** GIVEN INFORMATION follows **
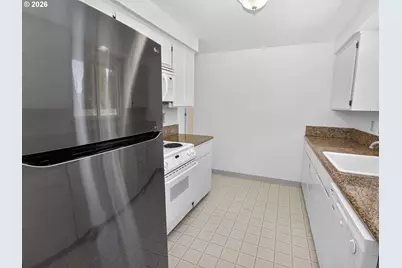 3095 SW 202nd Ave, Beaverton, OR 97003 - Photo 16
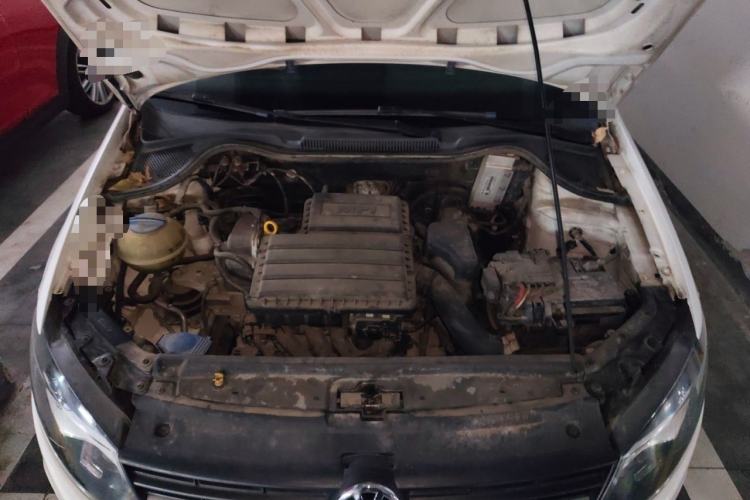 Used Volkswagen Polo 2016 1.4L Manual Fashion Model Engine Bay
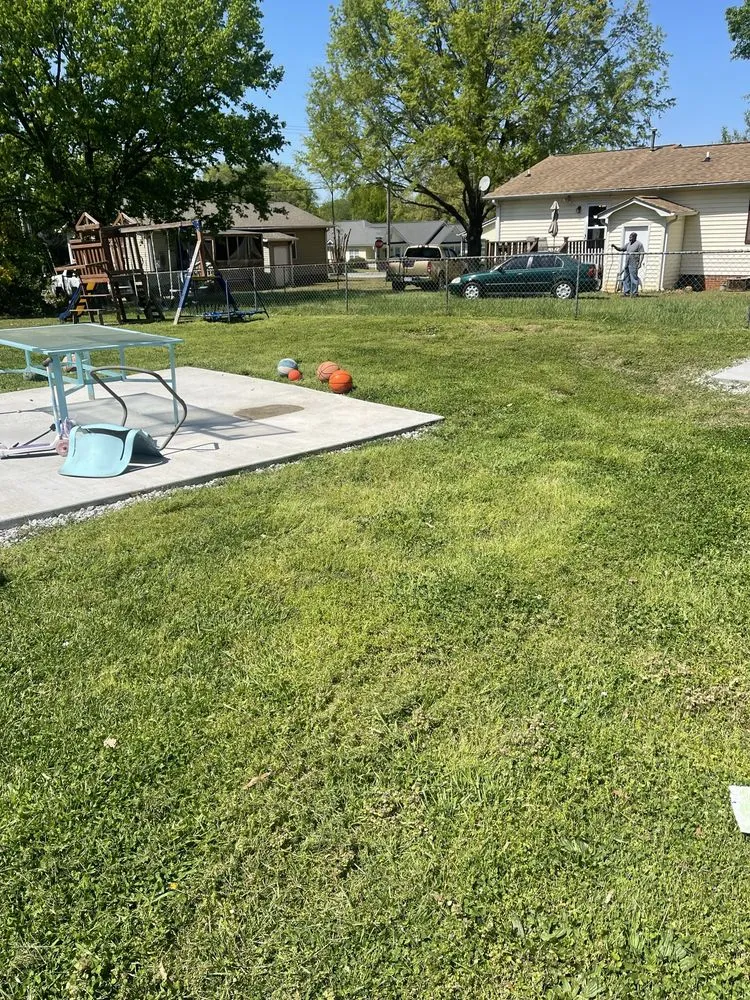 Professional yard maintenance experts serving Greenville, SC - Jefferson Landscaping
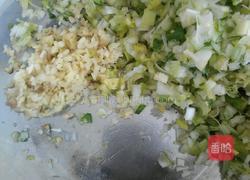 香菇芹菜猪肉馄饨的做法图解2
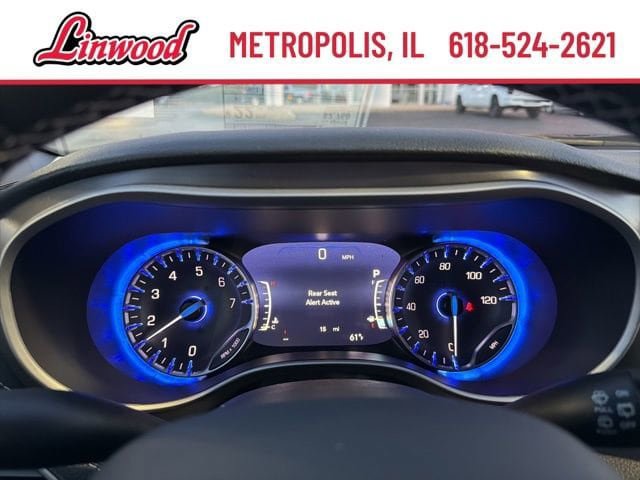 New 2026 Chrysler Pacifica Select FWD image 20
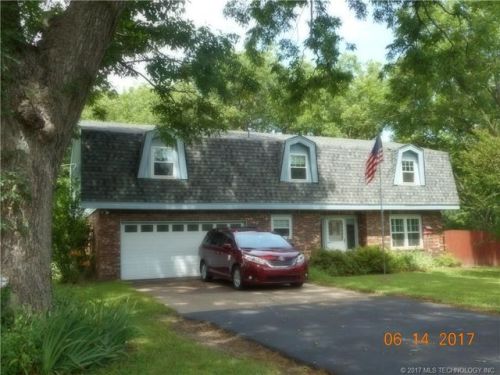3021 Mayer Ln, Muskogee, OK 74403-1018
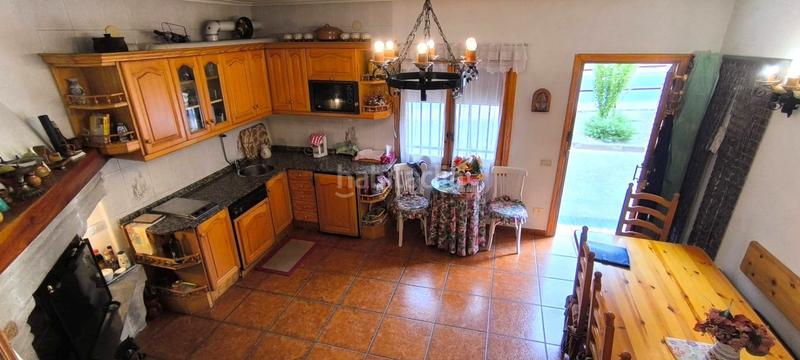 Foto c1a6f790-457b-41d7-b7de-ece2bdbc562e. Finca rústica a Alberite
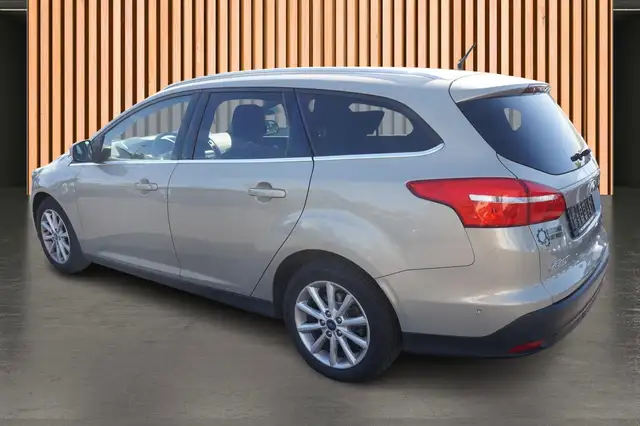 Ford Focus view 8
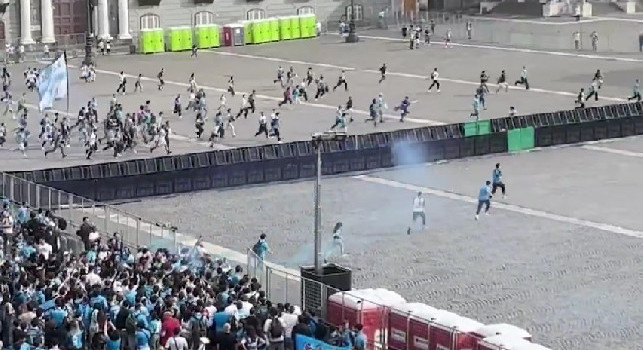 Aperti i cancelli, pronto il maxi schermo a Piazza del Plebiscito per Napoli-Cagliari | VIDEO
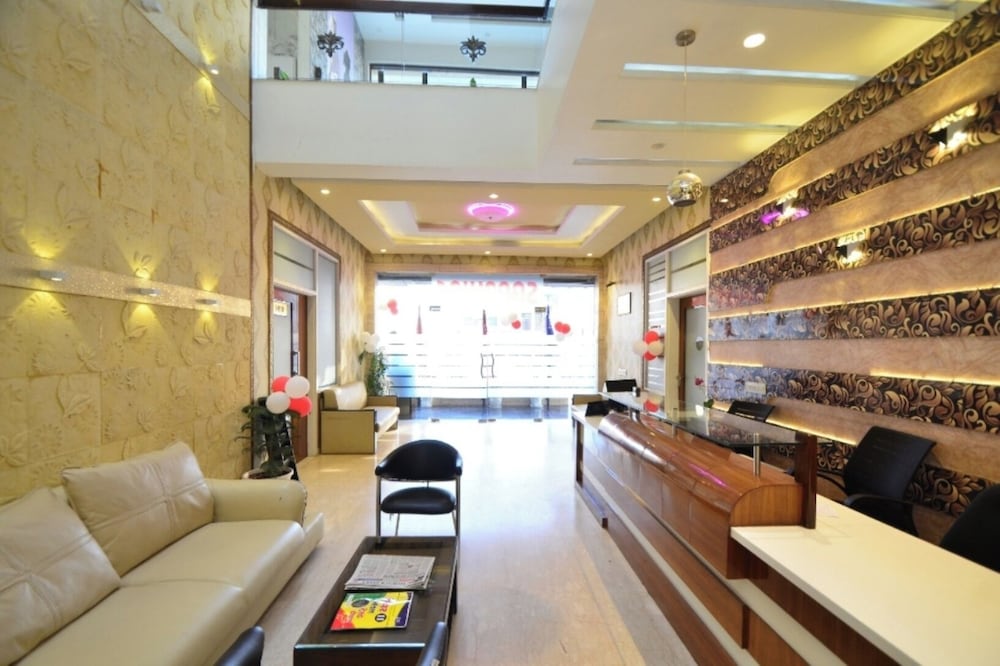 Hotel Sapphire World 28/37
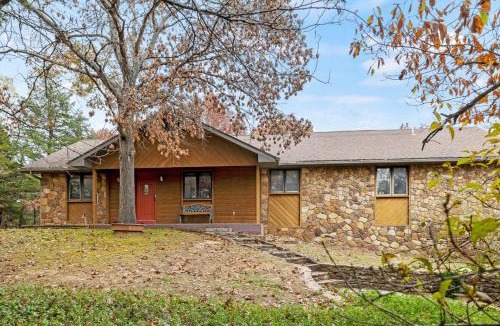 Kimberling City House | Enchanted Woods Hideaway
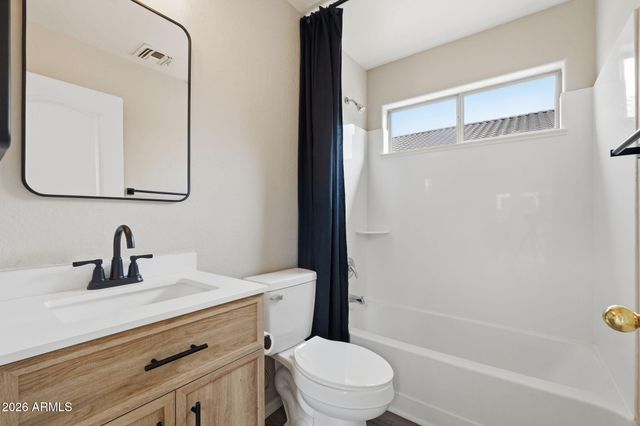 1635 E Debbie Drive E, San Tan Valley, AZ 85140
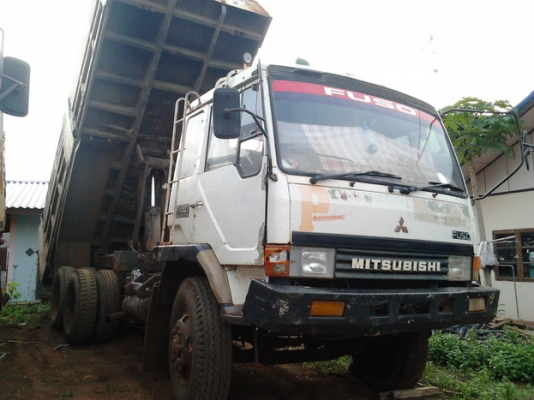 ***ขายแล้วครับขอบคุณ Truck2hand ขาย 10ล้อ2เพลาดั๊ม "ไอ้หลง" MITSUBISHI FN527M-TD2144 ปี40 เครื่องเดิมซีเรียลตรง 6D16 195HP แห้งดีไม่เยิ้มแรงจัด เกียร์เดิม 10สปีด ช่วงล่างแน่น คัสซีสวยไม่ผุไม่บวม กระบะดั๊มเหล็กKAC สภาพดี พื้นไม่ผุ เบรคใหญ่ เพลาบุ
** End of GIVEN INFORMATION **
## EXERCISE DETAILS
Leaving pictures out, output the lines of the data above from the one with "Aperti i cancelli, pronto" through the one with "1635 E Debbie", word for word.

## WRITTEN SOLUTION
 Aperti i cancelli, pronto il maxi schermo a Piazza del Plebiscito per Napoli-Cagliari | VIDEO
 Hotel Sapphire World 28/37
 Kimberling City House | Enchanted Woods Hideaway
 1635 E Debbie Drive E, San Tan Valley, AZ 85140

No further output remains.